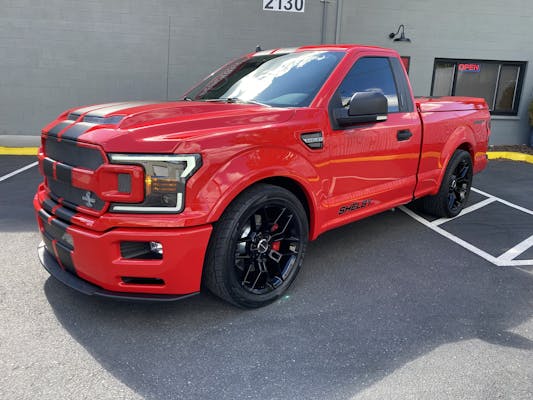 Red Ford Shelby F150 pickup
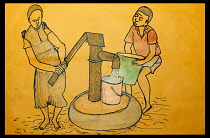 Angola, Huambo, Health education. Drawing of people using water stand pipe.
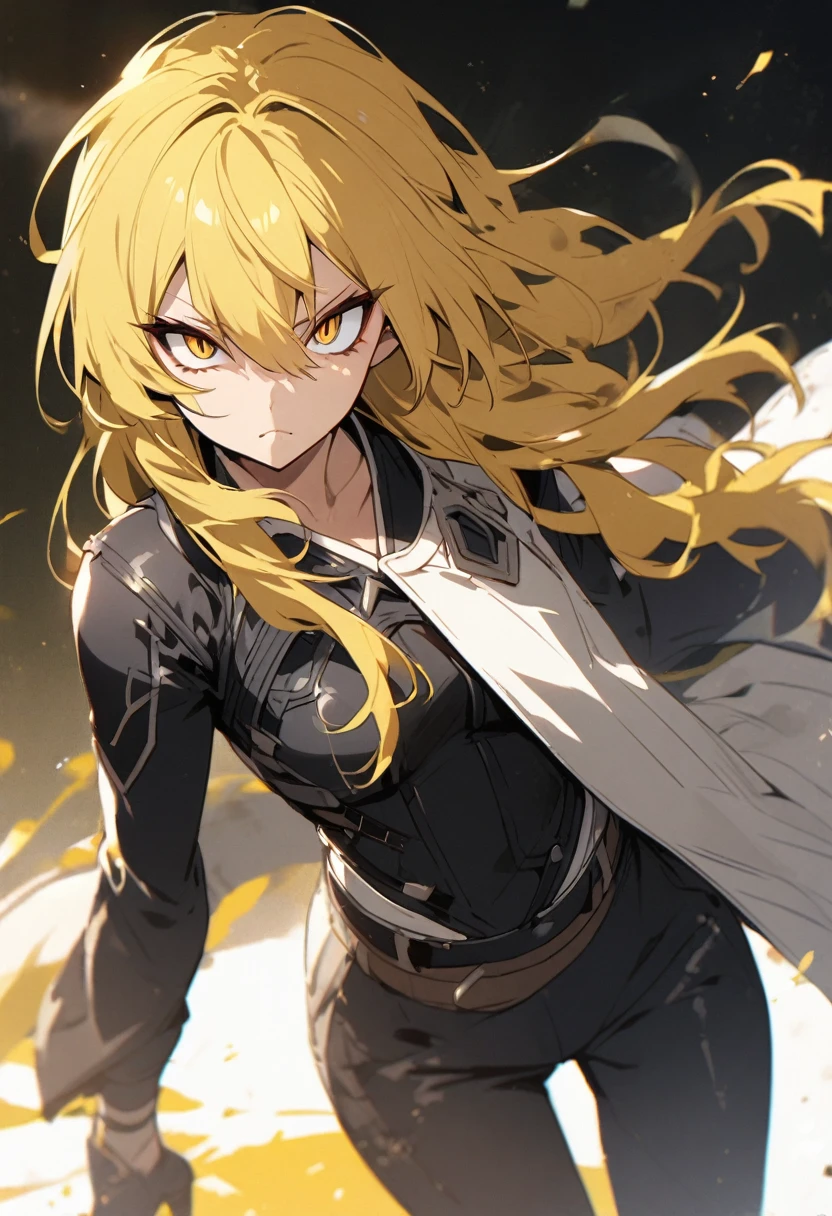 original character , 1girl, (crazy smile:1.2) , blonde hair , bangs , crazy eyes , hands on face , yellow blood splatter on face , yellow and black color scheme, open mouth, (wide-eyed:1.2), glowing eyes, left star shaped eye, star shaped eye, pink eyes, pink eyes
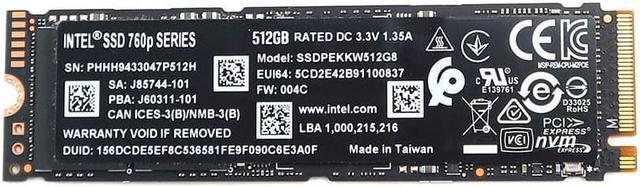 Hacer la vida Civil tabaco SSDPEKKW512G8 Intel 760P 512GB Pcie TLC M.2 2280 Solid State Drive  J85744-101 M.2 SSD / Solid State Drive Laptop Replacement Parts - Newegg.com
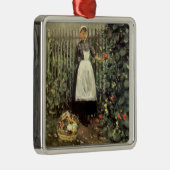 庭にバスケットをした野菜の少女 メタルオーナメント (右)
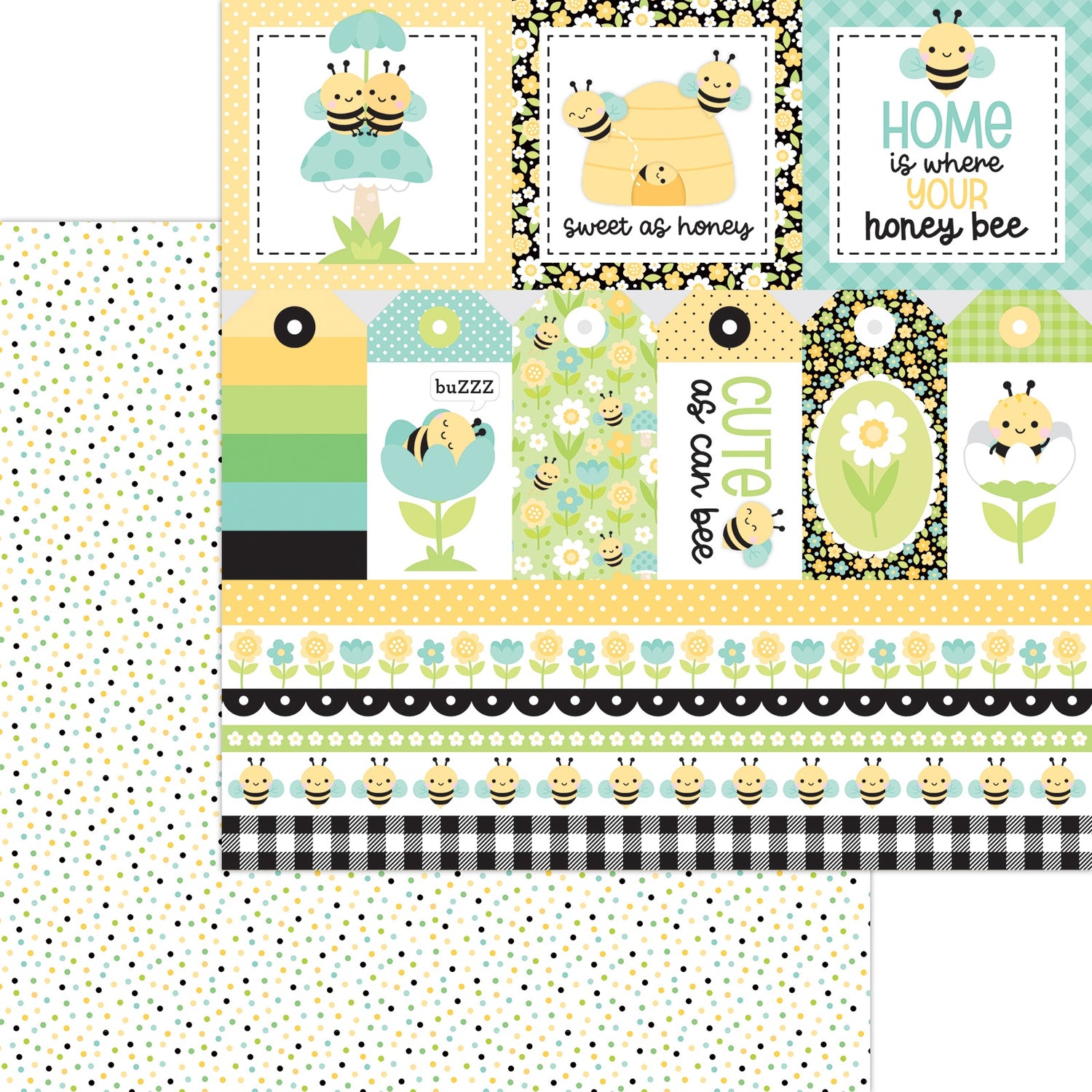 Doodlebug BEE HAPPY 12X12 Scrapbook Paper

☆ ☆ ☆ ☆ ☆

Problem » For every record above, repeat the text exactly and omit any picture.

Answer for the task »
 Red Ford Shelby F150 pickup
 Angola, Huambo, Health education. Drawing of people using water stand pipe.
 original character , 1girl, (crazy smile:1.2) , blonde hair , bangs , crazy eyes , hands on face , yellow blood splatter on face , yellow and black color scheme, open mouth, (wide-eyed:1.2), glowing eyes, left star shaped eye, star shaped eye, pink eyes, pink eyes
 Hacer la vida Civil tabaco SSDPEKKW512G8 Intel 760P 512GB Pcie TLC M.2 2280 Solid State Drive  J85744-101 M.2 SSD / Solid State Drive Laptop Replacement Parts - Newegg.com
 庭にバスケットをした野菜の少女 メタルオーナメント (右)
 Doodlebug BEE HAPPY 12X12 Scrapbook Paper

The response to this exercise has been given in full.